__Your assignment__
Reproduce the listing that follows in full. Omit its images.

__Input data__
::::

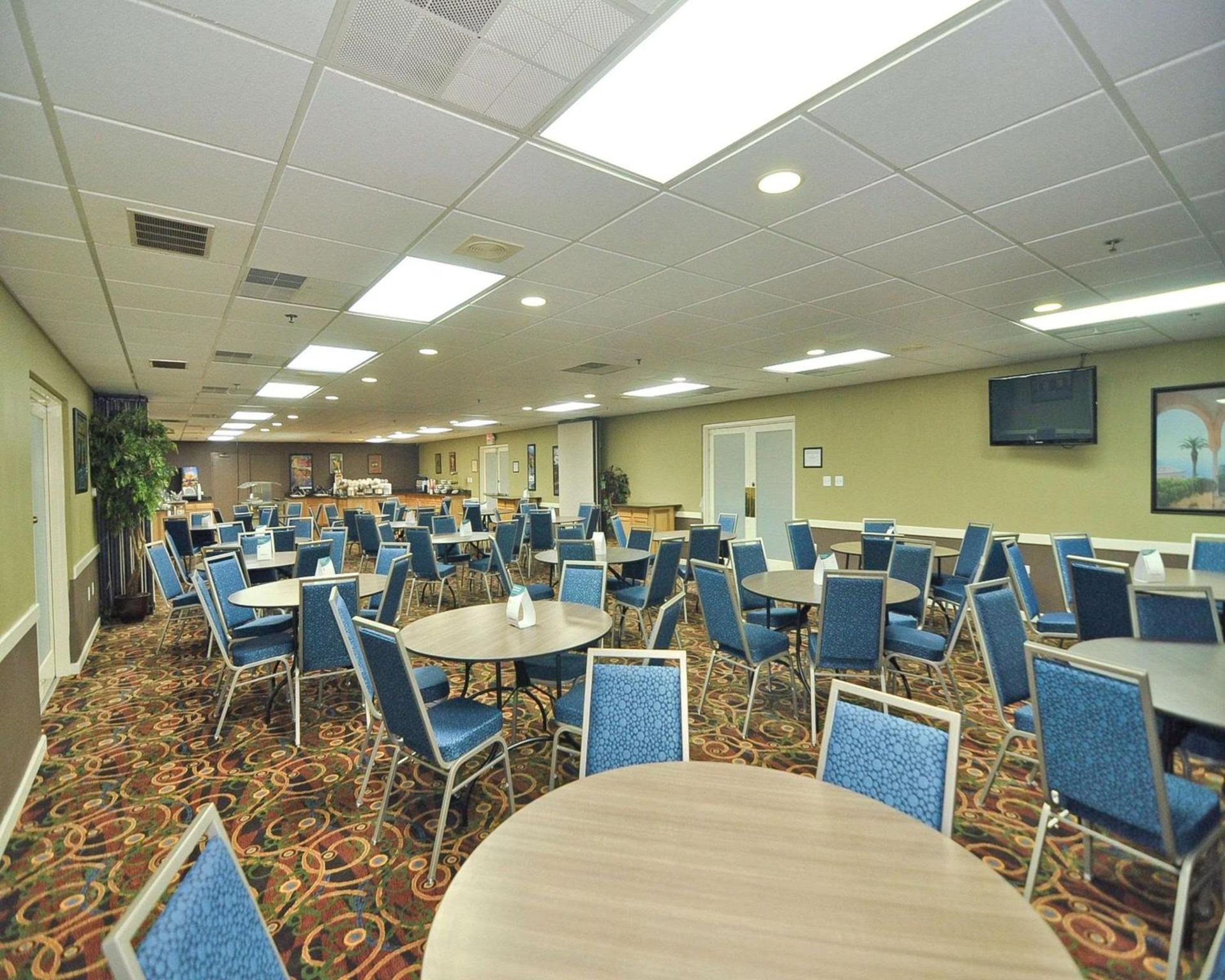 Comfort Inn Sandusky photo 14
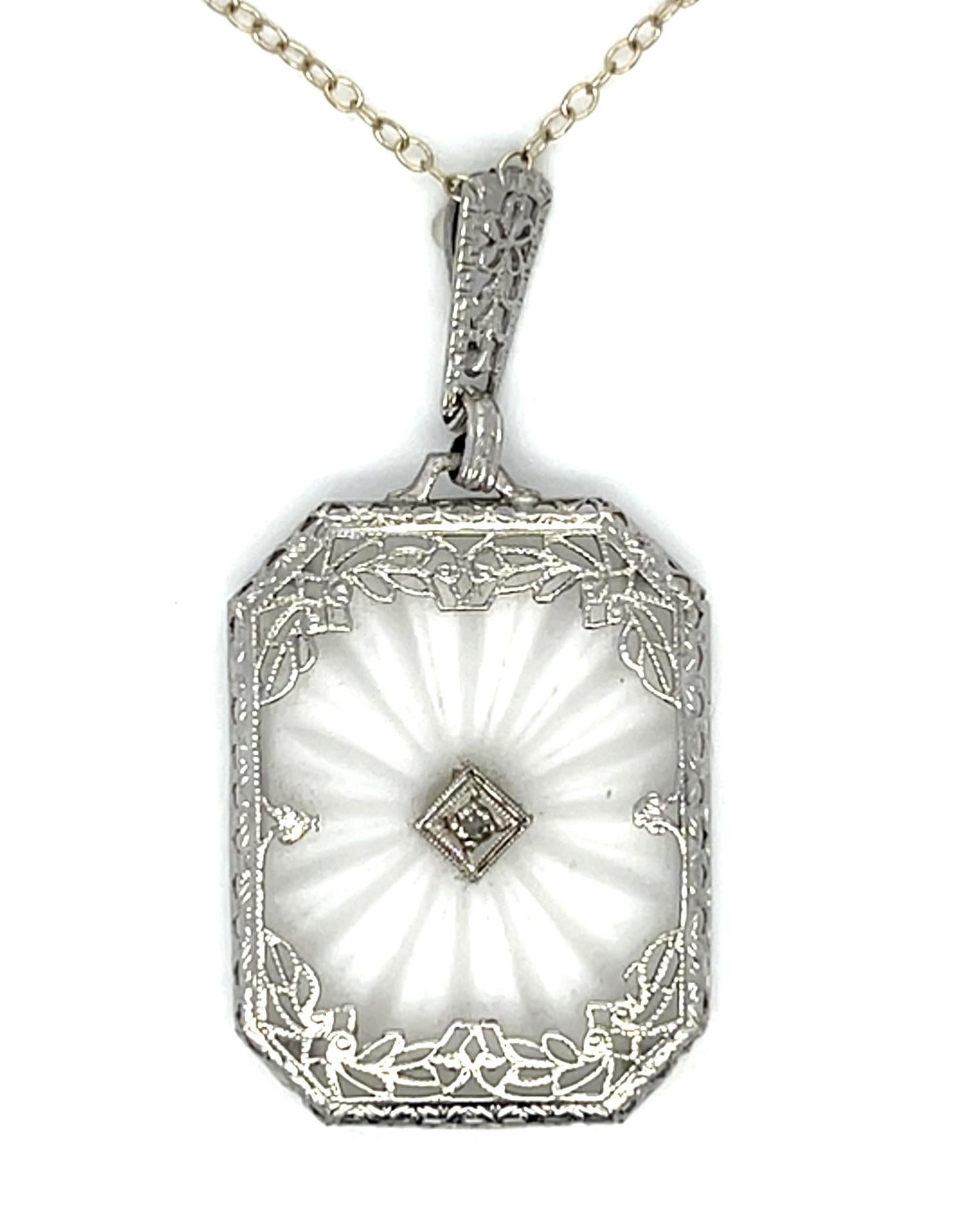 Art Deco Quartz .10ct Diamond 10KW Pendant (Antique 1930s) 4.50g 17"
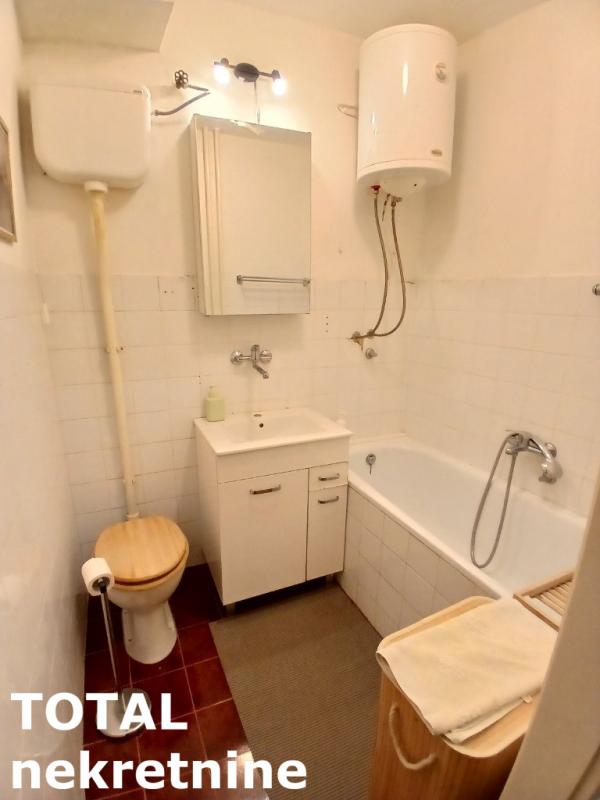 Slika 11 - Stan,NOVI SAD,CENTAR,kv: 42.00, € 119000, ID: 1102131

::::

__Response for this exercise__
 Comfort Inn Sandusky photo 14
 Art Deco Quartz .10ct Diamond 10KW Pendant (Antique 1930s) 4.50g 17"
 Slika 11 - Stan,NOVI SAD,CENTAR,kv: 42.00, € 119000, ID: 1102131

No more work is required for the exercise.